A rowID always includes an internal partition number, which is 0 if there is no partitioning, and compressed in some cases when its value is 0.
Because rowhash values are not necessarily unique (see “Hash Bucket Number” on page 174, the AMP software also produces a unique numeric value (called the uniqueness value, see “Uniqueness Value” on page 176) that it appends to the rowhash (for PI) or hash bucket (for PA or NoPI) value, forming a unique rowID. The value assigned depends on the uniqueness values that have already been assigned. The system assigns uniqueness values in ascending numerical order for each unique combination of internal partition number and rowhash (for PI) or hash bucket (for PA or NoPI) value. For rows in a table, uniqueness is achieved by combining the internal partition number (0 for a non-partitioned table), rowhash (for PI) or hash bucket (for PA or NoPI) value, and uniqueness value, in that order.
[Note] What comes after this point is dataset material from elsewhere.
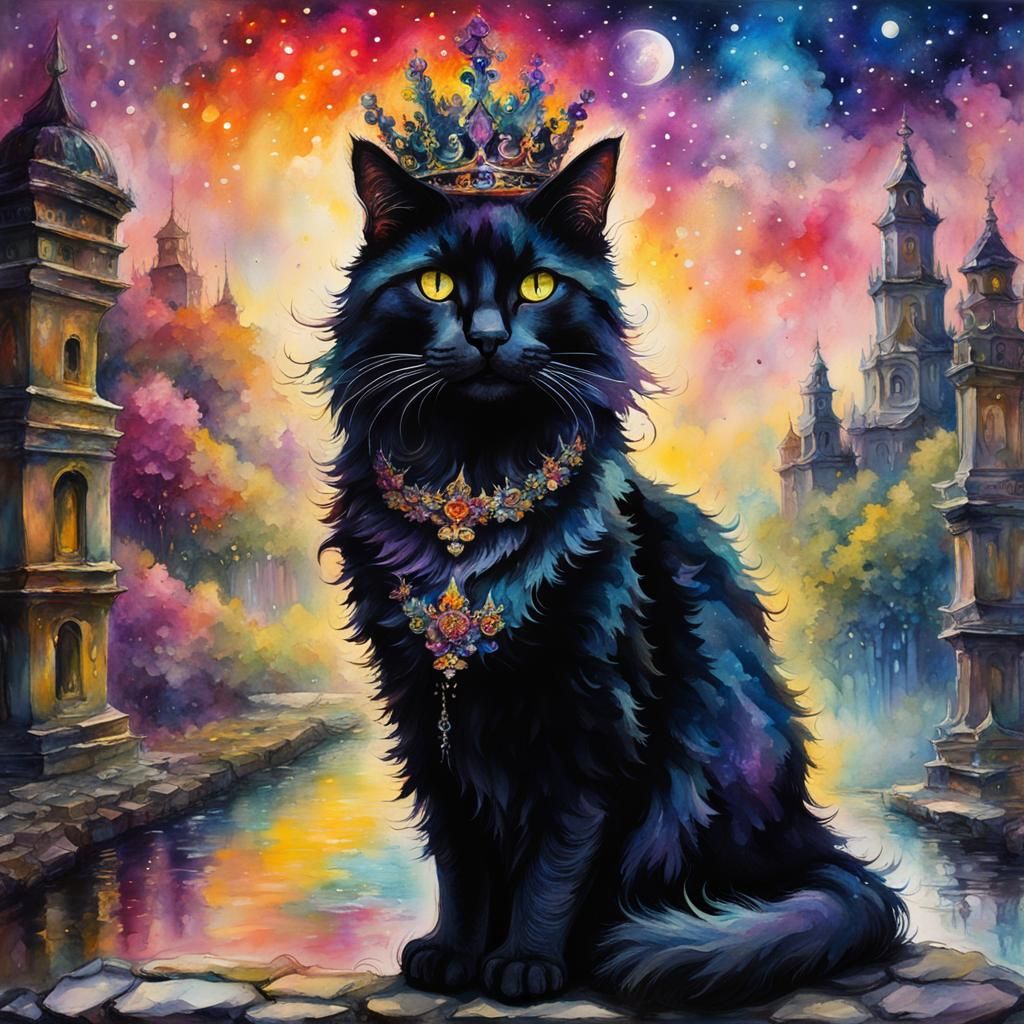 Regal Black Cat Silhouette in Colorful Graffiti Style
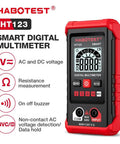Your Go To Digital Multimeter With LED Backlight Non Contact Voltage Detection Auto Range Shifting And High Precision DC And AC Voltage Current And Resistance Measurements For DIY And Pro Projects displaying digital screen and features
This rowID makes each row in a table uniquely identifiable, even if it is otherwise a duplicate of one or more other rows. Duplicate rows can only occur for MULTISET tables that have no uniqueness constraints.
Note the following things about rowIDs.
The rowID may also change in some cases for a given row of a column-partitioned table if the row is updated.
This means that while a rowID uniquely identifies a row at any particular time, a rowID that once identified a row later might not be associated with any row, or might be associated with a different row because the original row it was associated with might either have taken a different rowID or have been deleted.
The first row having a specific internal partition number and rowhash (for a PI) or hash bucket (for a PA or NoPI) value that is inserted into a table on the AMP assigned a uniqueness value of 1. Additional table rows for that AMP that have the same internal partition number and rowhash (for a PI) or hash bucket (for a PA or NoPI) value are assigned uniqueness values in a numerically increasing order. The rows are stored on disk, sorted in ascending order of rowID.
To determine uniqueness violations for UPIs or duplicate rows for SET NUPI tables, Teradata Database scans all rows in the rowhash. A duplicate row is defined as a row that matches one or more other rows in a relation exactly.
For a row-partitioned UPI or row-partitioned SET NUPI, Teradata Database scans only the rows with the same internal partition number and rowhash value to search for uniqueness violations or duplicate rows, respectively, not all the rows in other partitions that have the same rowhash value.
Join indexes, hash indexes, and secondary indexes may have referencing rowIDs. For a rowID that references a column-partitioned object, the column partition number (within the internal partition number) is set to 1 by convention and for consistency. A referencing rowID indicates a specific table row, not necessarily to a specific physical row. A rowID can easily be adjusted by adding a constant delta on dereferencing to a desired column partition number in order to access a physical row containing a specific column partition value for the table row.